Polynomial curve fitting#

Curve fitting is popular to use for datasets containing noise. To fit these curves of varying polynomial degree we can again use the least squares error calculation.

Using numpy.polyfit we can fit curves of varying polynomial degree to the data points. This is demonstrated below.

# Data points
xi = np.array([0.5, 2.0, 4.0, 5.0, 7.0, 9.0])
yi = np.array([0.5, 0.4, 0.3, 0.1, 0.9, 0.8])

# Let's set up some space to store all the polynomial coefficients
# there are some redundancies here, and we have assumed we will only 
# consider polynomials up to degree N
N = 6
poly_coeffs = np.zeros((N, N))

for i in range(N):
    poly_coeffs[i, :(i+1)] = np.polyfit(xi, yi, i)

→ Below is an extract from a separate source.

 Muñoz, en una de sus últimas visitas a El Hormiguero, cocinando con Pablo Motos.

print('poly_coeffs = \n{}'.format(poly_coeffs))
poly_coeffs = 
[[ 0.5         0.          0.          0.          0.          0.        ]
 [ 0.0508044   0.26714649  0.          0.          0.          0.        ]
 [ 0.02013603 -0.13983999  0.55279339  0.          0.          0.        ]
 [-0.00552147  0.09889271 -0.43193108  0.75909819  0.          0.        ]
 [-0.00420655  0.07403681 -0.38492428  0.59251888  0.27906056  0.        ]
 [-0.00301599  0.06536037 -0.49614427  1.59623195 -2.08266478  1.20030166]]
fig = plt.figure(figsize=(8, 6))
ax1 = fig.add_subplot(111)

x = np.linspace(0.4, 9.1, 100)

for i in range(N):
    p = np.poly1d(poly_coeffs[i, :(i+1)])
    ax1.plot(x, p(x), label='Degree %i' % i)

ax1.plot(xi, yi, 'o', color="black", label="raw data")

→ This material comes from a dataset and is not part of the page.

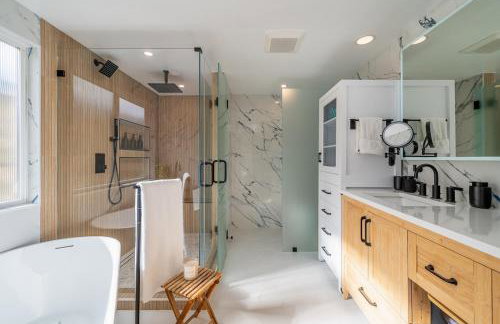 Phenomenal King, Air, Rooftop Deck, Walk to Beach - Foto 40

plt.legend(loc='best', fontsize = 12)
plt.title('Polynomial approximations of differing degree', fontsize=16)
plt.xlabel("x", fontsize=16)
plt.ylabel("y", fontsize=16)

Using the above function that evaluates the squared error, we can evaluate the error for each of the polynomials calculated above.

for i in range(N):
    p = np.poly1d(poly_coeffs[i, :(i+1)])
    print('Square of the difference between the data and the '
          'polynomial of degree {0:1d} = {1:.8e}.'.format(i, sqr_error(p, xi, yi)))
Square of the difference between the data and the polynomial of degree 0 = 4.60000000e-01.
Square of the difference between the data and the polynomial of degree 1 = 3.32988992e-01.
Square of the difference between the data and the polynomial of degree 2 = 1.99478242e-01.
Square of the difference between the data and the polynomial of degree 3 = 1.57303437e-01.
Square of the difference between the data and the polynomial of degree 4 = 4.69232378e-02.
Square of the difference between the data and the polynomial of degree 5 = 1.75525473e-26.

As can be seen above the error drops as we approximate the data with higher degree polynomials.

For some inspiration on multiple linear regression, you can look at “A beginner’s guide to linear regression in Python with Scikit-Learn” and “Linear regression case study”.